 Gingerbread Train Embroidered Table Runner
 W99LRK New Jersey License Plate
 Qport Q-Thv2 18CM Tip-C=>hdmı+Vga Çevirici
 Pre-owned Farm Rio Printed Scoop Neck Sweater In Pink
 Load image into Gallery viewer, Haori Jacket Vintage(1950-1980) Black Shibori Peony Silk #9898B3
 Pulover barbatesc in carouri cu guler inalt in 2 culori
□ □ □ □
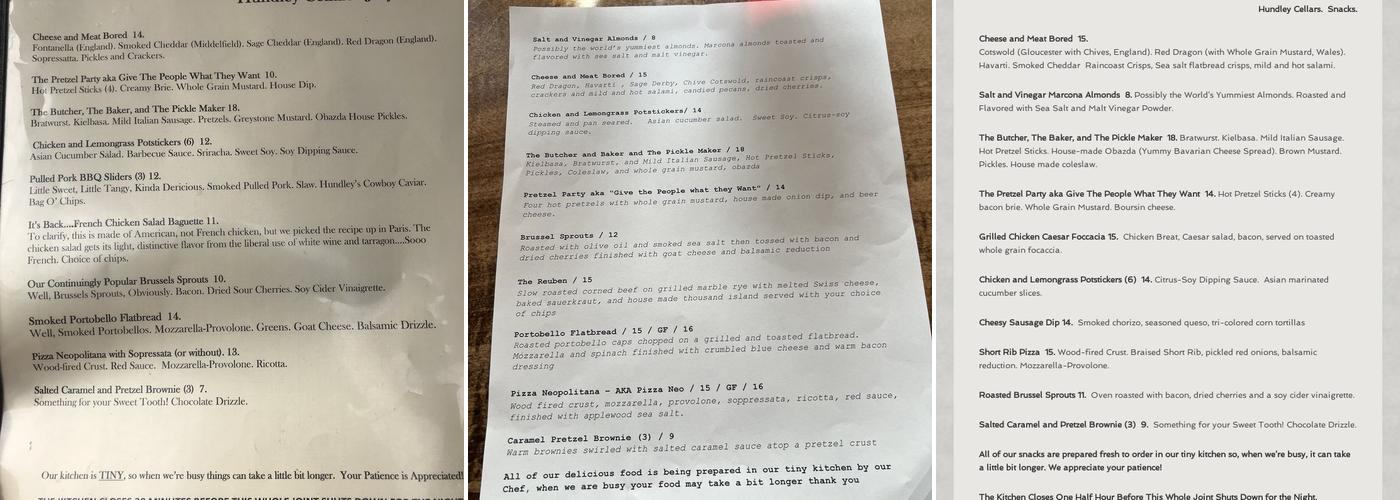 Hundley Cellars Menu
□ □ □ □
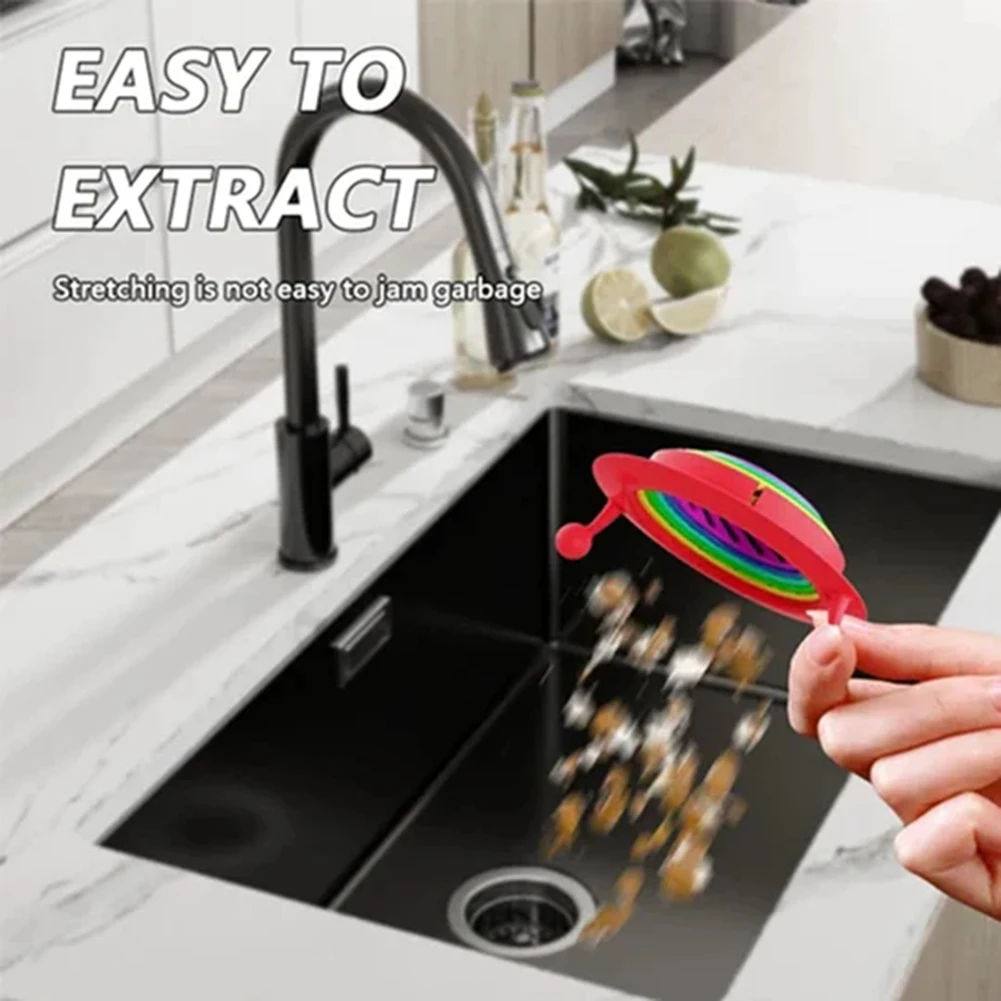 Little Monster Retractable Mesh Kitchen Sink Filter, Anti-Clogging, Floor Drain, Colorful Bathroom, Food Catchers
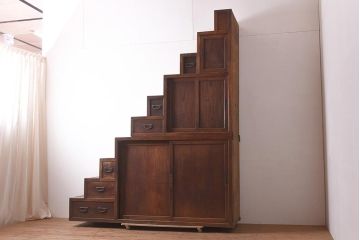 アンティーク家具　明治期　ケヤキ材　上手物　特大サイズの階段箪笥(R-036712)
□ □ □ □
* [Your task]:
Write down exactly the span of lines above from the one containing "Pre-owned Farm Rio" to the one containing "Pulover barbatesc in", both ends included.

* [Response area]:
 Pre-owned Farm Rio Printed Scoop Neck Sweater In Pink
 Load image into Gallery viewer, Haori Jacket Vintage(1950-1980) Black Shibori Peony Silk #9898B3
 Pulover barbatesc in carouri cu guler inalt in 2 culori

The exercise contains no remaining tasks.